1988 Cem Yayınları basımı bir öykü kitabı tutuyorum ellerimde. Öykü deyip geçtiğime bakmayın; tam tamına 12 farklı hayat var iki kapağın arasında, aynı topraklar üzerinde. Kimisi oğlu için can verir, kimisi süt kardeşini vururken gözünü bile kırpmaz, kimisi 'namus belasına' kendi elleriyle ölüme gönderir kendi canından yavrusunu, kimisi de ah şu gurbet derdinden yavrusunun ölüsüne bile üzülemez.
Dilini çok sevdim yazarın. Öyle duru ama bir o kadar da içli anlatıyor ki, yüreğin paramparça oluyor her defasında. Çok gerçek. Geçmişte kalmış gitmiş işte diyip geçemiyorsun, geçemiyorum.

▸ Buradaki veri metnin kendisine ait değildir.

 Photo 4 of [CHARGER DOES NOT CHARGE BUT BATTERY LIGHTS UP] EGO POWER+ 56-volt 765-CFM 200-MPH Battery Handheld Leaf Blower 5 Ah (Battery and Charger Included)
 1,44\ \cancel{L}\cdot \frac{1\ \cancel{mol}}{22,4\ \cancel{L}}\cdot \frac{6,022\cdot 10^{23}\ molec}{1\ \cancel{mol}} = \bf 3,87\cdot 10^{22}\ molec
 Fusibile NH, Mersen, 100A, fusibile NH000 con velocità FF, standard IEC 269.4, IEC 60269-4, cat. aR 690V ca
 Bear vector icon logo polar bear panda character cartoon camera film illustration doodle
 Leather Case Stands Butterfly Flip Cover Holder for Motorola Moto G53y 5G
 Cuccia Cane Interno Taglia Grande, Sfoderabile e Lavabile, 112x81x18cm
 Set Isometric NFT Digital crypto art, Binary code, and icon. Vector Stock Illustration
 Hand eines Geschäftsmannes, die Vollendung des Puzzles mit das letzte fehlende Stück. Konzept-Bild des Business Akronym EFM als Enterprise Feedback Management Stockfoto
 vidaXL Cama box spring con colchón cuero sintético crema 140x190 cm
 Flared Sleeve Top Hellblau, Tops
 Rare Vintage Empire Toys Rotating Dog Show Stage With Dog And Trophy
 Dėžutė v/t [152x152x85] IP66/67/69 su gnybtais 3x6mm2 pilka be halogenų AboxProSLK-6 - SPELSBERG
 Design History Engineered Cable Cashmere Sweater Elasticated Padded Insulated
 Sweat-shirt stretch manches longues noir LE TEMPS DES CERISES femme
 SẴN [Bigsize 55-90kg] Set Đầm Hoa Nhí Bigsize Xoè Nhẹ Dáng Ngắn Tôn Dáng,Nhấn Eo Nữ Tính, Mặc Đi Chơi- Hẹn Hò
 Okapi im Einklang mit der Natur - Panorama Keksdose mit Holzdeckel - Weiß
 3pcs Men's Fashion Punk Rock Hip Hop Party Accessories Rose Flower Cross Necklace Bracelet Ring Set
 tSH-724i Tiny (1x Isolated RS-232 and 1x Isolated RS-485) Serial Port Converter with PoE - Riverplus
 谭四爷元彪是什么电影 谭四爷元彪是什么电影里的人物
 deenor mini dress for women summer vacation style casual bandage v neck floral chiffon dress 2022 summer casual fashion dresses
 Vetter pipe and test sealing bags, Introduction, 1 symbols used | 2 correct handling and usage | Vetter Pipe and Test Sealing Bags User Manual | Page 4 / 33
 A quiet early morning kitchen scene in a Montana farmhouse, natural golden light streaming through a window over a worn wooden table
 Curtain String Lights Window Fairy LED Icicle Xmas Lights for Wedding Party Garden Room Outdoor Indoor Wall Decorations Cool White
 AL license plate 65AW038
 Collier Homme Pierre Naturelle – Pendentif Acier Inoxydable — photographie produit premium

Bu kadar kısa öyküler ile resmen karakterlerin tüm hayatlarını -gereksiz sözcüklerden kaçınarak- bu kadar güzel açıklayabilmesini de çok başarılı buldum. Arada dalıp gidilen hayaller ile gerçeğin birbirine girmesi, sınırların tam çizilememesini de Hasan Ali Toptaş diline benzettim ki onun da Bekir Yıldız 'dan nasıl bu kadar saygı ile bahsettiğini anlamış oldum.